Он снял перчатки, склонился над пострадавшим, не сводя глаз с его распухшего лица, сосредоточенно нахмурился.
— Подумать только, — проворчал доктор сквозь зубы, — лейкопластырь налеплен на открытые раны! — Заметив Библию, лежавшую на столике у изголовья кровати, он покачал головой: — Черт побери, не должно ли все наладиться и без моей помощи, раз сам Иегова занялся этим! — Потом резко повернулся ко всему семейству и, в предельном возмущении подняв брови, надув щеки, рявкнул: — Не могли вы, что ли, прийти за мной раньше?
Какое-то время он молча наблюдал за ними, как бы пытаясь понять, о чем они думали с тех пор, как случилось несчастье.

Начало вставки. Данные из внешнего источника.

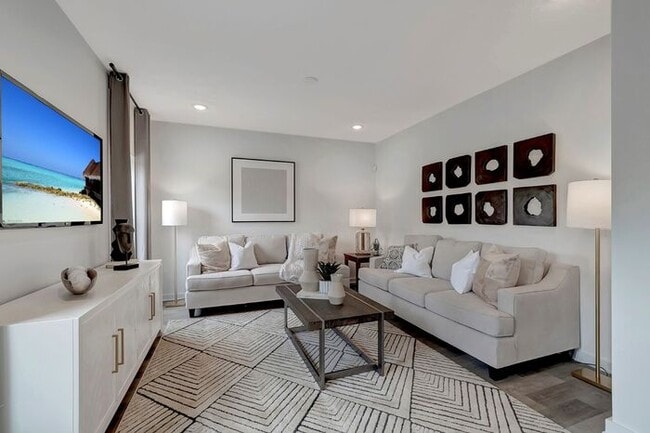 Photo - 183 Pine Crest View Dr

— Ну, конечно, мне скажут, что выпало чересчур много снега.
Он спрашивал и сам отвечал на свои вопросы, обращаясь к Рейланам в третьем лице, как будто говорил с детьми или даже с безумцами, — слишком он был разгневан, чтобы прямо адресоваться к ним.
Доктор держал больного одной рукой за запястье, считая пульс, и у него создалось впечатление странное, почти тягостное, будто он прикасается к самой жизни, попавшей в тиски и борющейся за свое освобождение, словно обезумевшее животное, не сознающее, во имя чего и зачем оно борется; пальцами другой руки он приподнял веко больного и обнаружил невидящий взгляд.

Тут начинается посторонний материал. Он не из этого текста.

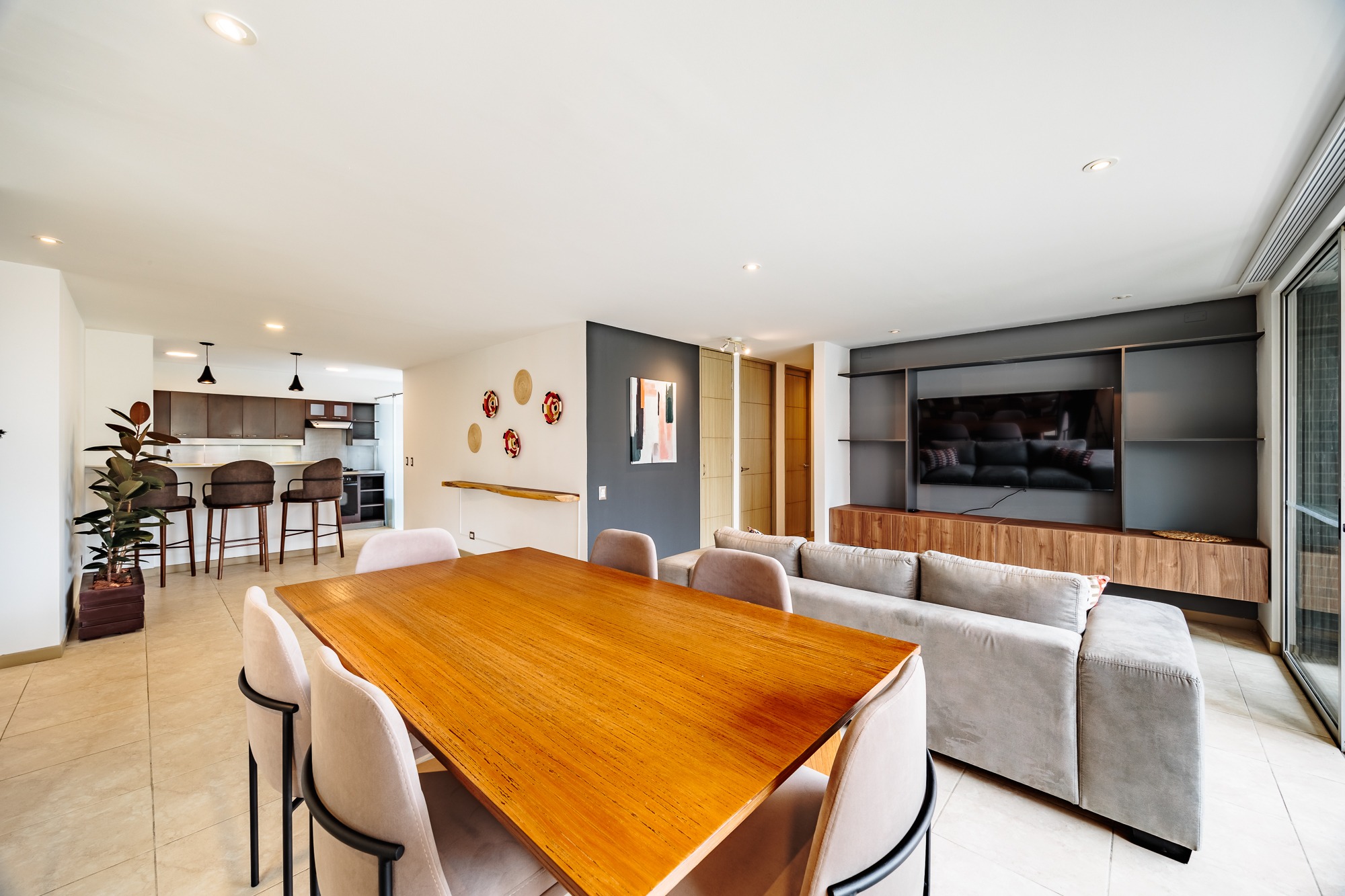 Expansive Three-Bedroom Apartment Located in Poblado, with Great Amenities. — imagen 4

— Чересчур много снега! А этот на пути к праотцам. Хоть бы позвонили мне в тот же вечер.
Время от времени было слышно, как в соседнем стойле постукивает копытцем коза, совсем как человек, когда он хочет согреться. Мать, сухая, черная, закутанная в платок, стояла в изножье кровати, пристально глядя на сына и всем своим видом олицетворяя вековое женское мученичество. Бог знает, какой немыслимый торг происходил сейчас в ее мозгу.
Доктор снял толстую куртку, пошарил в сумке, откинул простыни и одеяла с той небрежностью к своей жертве, которая является профессиональной привычкой, но успокаивающе действует на окружающих; непереносимо едкий запах мочи и пота распространился по комнате. Доктор осмотрел колено и весь сморщился.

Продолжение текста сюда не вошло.